First Solar (NASDAQ:FSLR) is already the biggest winner of the Trump administration's new tariffs on solar imports. The threat of tariffs in 2017 led customers to put a high value on the company's thin-film panels, which weren't threatened by tariffs and ensured the cost structure of projects being built years in the future.
Now that we know what tariffs will be (30% over the next year declining to 15% in the fourth year), everyone can plan for the tariffs coming down the pipeline. Here's how First Solar can lock in its advantage for years to come.
What we already know
First Solar expects to ship 2.7 GW to 2.8 GW in 2018 and a total of 13.8 GW of solar panels from 2018 to 2020. That's the supply available for the company in the first three years of tariffs.
There's already 7.5 GW of that supply already contracted as of First Solar's last disclosure, meaning there's 6.3 GW of solar panels available to sell in the U.S. tariff-free. This is what First Solar has available to capitalize on.
What we don't know
Although we know that tariffs are going to hit U.S. solar imports, we don't know the final impact on the industry. If the overall market shrinks to 10 GW in 2018, as GTM Research anticipates, First Solar could fill up to 2.7 GW of that demand, or more in 2019 and beyond, and domestic suppliers will add around 1 GW more. Since there are 2.5 GW of solar cell imports exempted, which would likely be made into solar modules by someone (who is TBD), that leaves just 3.8 GW of solar imports that could be hit by tariffs.
The tariff may not have as big an impact as the market thinks, either. According to the U.S. Solar Market Insight from Q4 2017, strong demand for solar panels caused prices to rise $0.07 to $0.45 in Q3 2017. Tariffs are expected to add $0.10 per watt to the price of solar panels in the first year, so the price increase won't be out of line with normal price fluctuations.
What First Solar needs is the post-tariff price of solar panels to rise beyond market prices in 2017, when it booked 6.7 GW of contracts at advantageous pricing. It remains to be seen where the market will end with panel prices, but booking its remaining 6.3 GW of supply between now and 2020 at elevated prices will be a plus to the bottom line.
Can First Solar make tariff advantage last?
In 2017, though First Solar didn't have an edge over silicon-based solar panels, there was a perceived advantage from both rivals and developers. Competitors weren't willing to sell solar panels to customers and guarantee they would absorb any tariff, pushing developers to First Solar's tariff-free panels.
First Solar saw this as an opportunity to book billions in future revenue even before the tariff decision was decided. In total, more than 6.7 GW of panel bookings were made in 2017 and the company decided to increase manufacturing capacity from 4.0 GW to 5.7 GW. It locked in a benefit for years to come.
It could do the same over the next few years by booking solar panel sales past the end of tariffs in 2021. Contracting sales through 2022 or 2023 could ensure the company remains profitable well into the next decade.
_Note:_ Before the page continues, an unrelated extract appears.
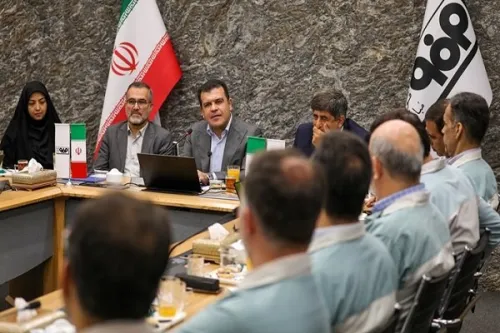 آمادگی معاونت علمی برای نوسازی و ارتقاء فناوری فولاد مبارکه اصفهان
Why First Solar is positioned to succeed
There's certainly a short-term tailwind for First Solar, but the company can use that to set itself up for long-term success. The windfall of 2017 was used to lock up long-term supply agreements and build new capacity, and now that we know tariffs are hitting competitors, the company can book a few more years out and guarantee strong profitability through the end of tariffs in 2021 and maybe beyond.
As solar competitors look for ways to make even the smallest profit, First Solar will be reaping profits from its unique position in the solar industry for years to come.